A couple of times over the last few days I have come to remember the name Steve Rogers.  Firstly, I saw this piece on him on NRL.com with a great video montage of his career highlights.

https://www.nrl.com/news/2018/10/24/remembering-steve-rogers/

Then I was looking through the 1982 Kangaroo tour history today and saw that he kept players like Gene Miles and Steve Ella out of the test team which proves what a great player he was.

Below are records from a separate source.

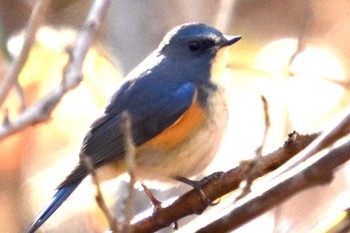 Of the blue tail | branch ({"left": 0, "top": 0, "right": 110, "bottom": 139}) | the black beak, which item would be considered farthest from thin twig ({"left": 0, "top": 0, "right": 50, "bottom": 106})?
the black beak

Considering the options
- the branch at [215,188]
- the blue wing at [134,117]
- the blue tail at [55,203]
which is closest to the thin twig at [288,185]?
the branch at [215,188]

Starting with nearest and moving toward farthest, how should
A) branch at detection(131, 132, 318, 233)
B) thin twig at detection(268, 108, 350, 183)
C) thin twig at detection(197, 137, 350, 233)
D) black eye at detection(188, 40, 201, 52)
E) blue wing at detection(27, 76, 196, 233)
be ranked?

In 1986 I was a 16 year old just starting in my Rugby League journey when I went to Central Park to watch Wigan play Widnes.  All the talk was about this guy called Steve Rogers that Widnes had just signed and he sounded like a superman to me, I couldn't wait to see him play.  Sadly, he broke his leg that day and his time as a Widnes player lasted just 13 minutes and that was the end of his career.

There are a few players I would love to have seen play in the flesh and Steve Rogers is right at the top of that list.  I remember so many of those great 80's Aussies... Kenny, Sterling, Miles, Lewis, Meninga, Mortimer, Ella, Grothe and more but Rogers was as good as all of these and I am disappointed I didn't get to see more of him than just 13 minutes.

I must have been at that game, but have no detail of it. But I remember now that Rogers broke his leg. Very sad.

One of the benefits of playing in winter was to bring over star players, or indeed honest to goodness blinking good ones. And indeed British playets going to Oz.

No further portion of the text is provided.